[Supplied data]
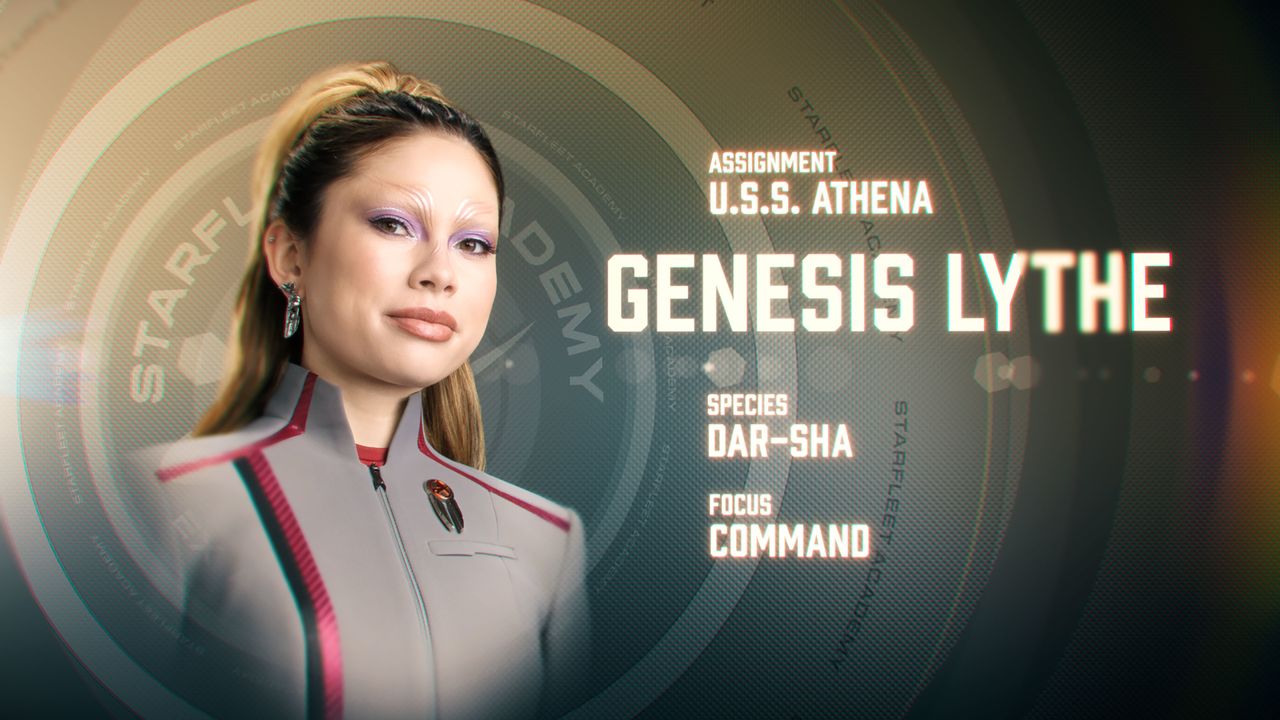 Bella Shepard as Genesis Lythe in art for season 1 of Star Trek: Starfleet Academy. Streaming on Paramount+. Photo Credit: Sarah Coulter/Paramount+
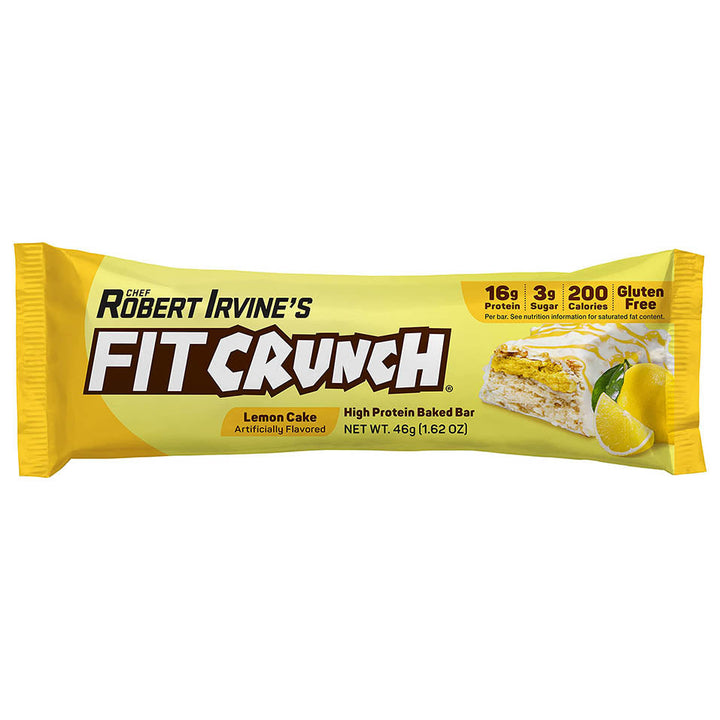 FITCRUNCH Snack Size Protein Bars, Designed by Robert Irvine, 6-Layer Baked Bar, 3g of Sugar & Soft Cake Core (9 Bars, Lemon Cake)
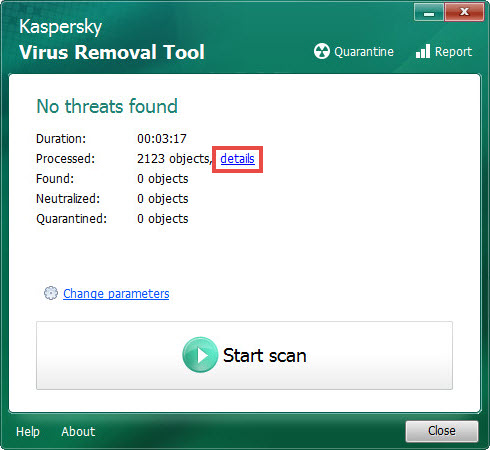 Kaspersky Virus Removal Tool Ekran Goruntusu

[Task requirements] With pictures omitted, restate exactly every line from the one containing "FITCRUNCH Snack Size" through the last line of the material, inclusive.

[Response to the exercise]
 FITCRUNCH Snack Size Protein Bars, Designed by Robert Irvine, 6-Layer Baked Bar, 3g of Sugar & Soft Cake Core (9 Bars, Lemon Cake)
 Kaspersky Virus Removal Tool Ekran Goruntusu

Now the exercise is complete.